TASK STATEMENT
Starting from the line in which "Product photograph of" appears, set down each line exactly through the end of the listing, and nothing else. Leave out pictures.

DATA BELOW
───
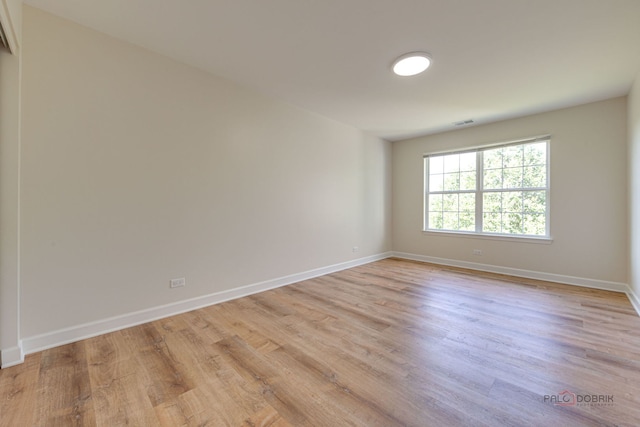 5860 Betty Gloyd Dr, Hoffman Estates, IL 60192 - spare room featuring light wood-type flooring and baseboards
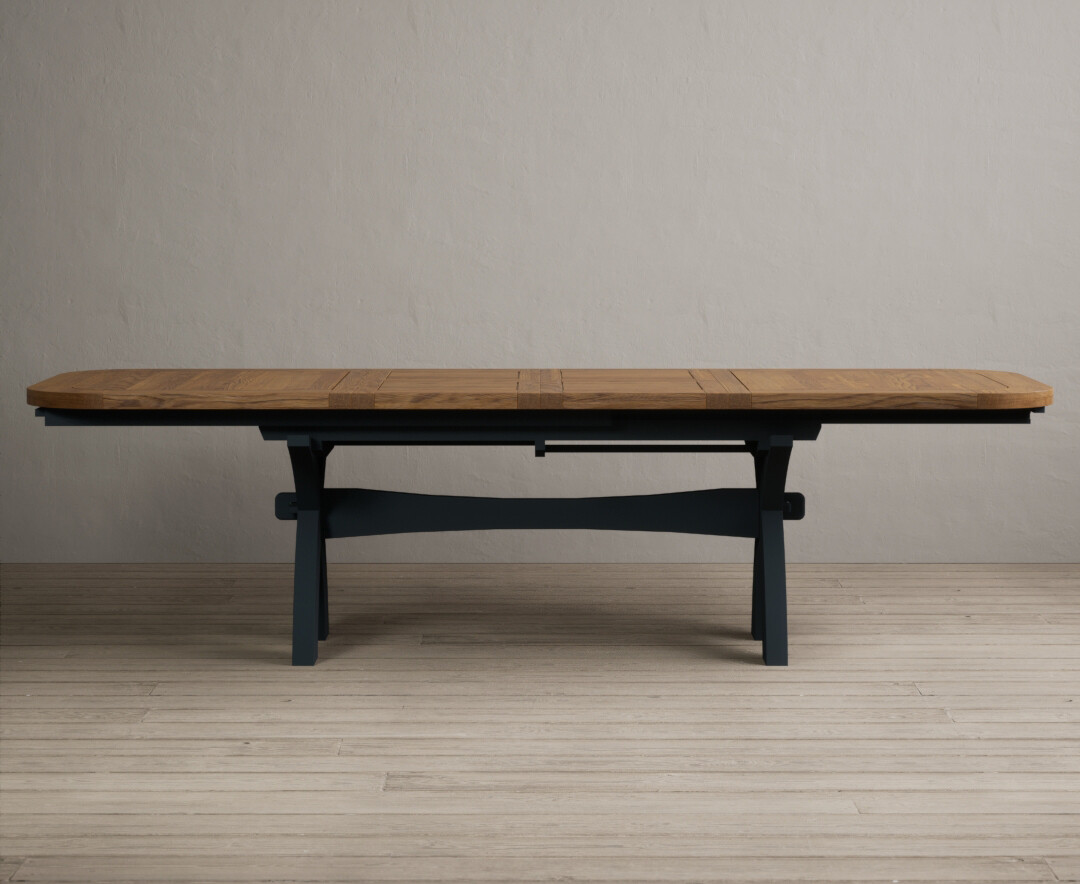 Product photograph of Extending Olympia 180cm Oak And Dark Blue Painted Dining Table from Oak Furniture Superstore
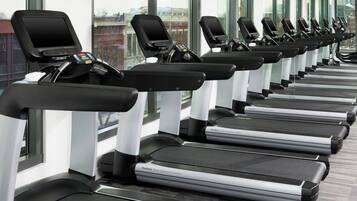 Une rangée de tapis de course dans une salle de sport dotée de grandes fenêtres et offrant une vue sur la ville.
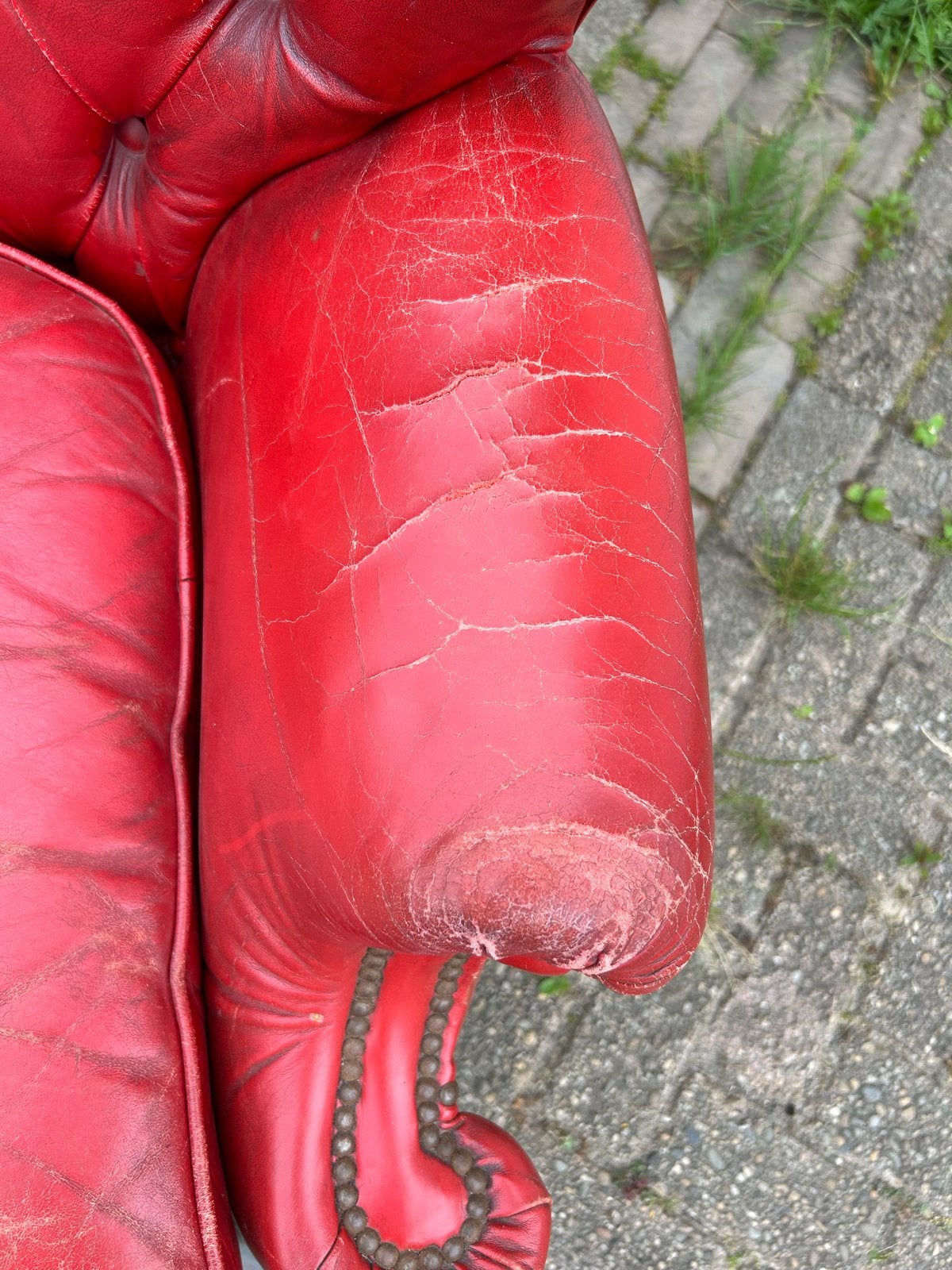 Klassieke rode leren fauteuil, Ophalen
───
WORKED SOLUTION
 Product photograph of Extending Olympia 180cm Oak And Dark Blue Painted Dining Table from Oak Furniture Superstore
 Une rangée de tapis de course dans une salle de sport dotée de grandes fenêtres et offrant une vue sur la ville.
 Klassieke rode leren fauteuil, Ophalen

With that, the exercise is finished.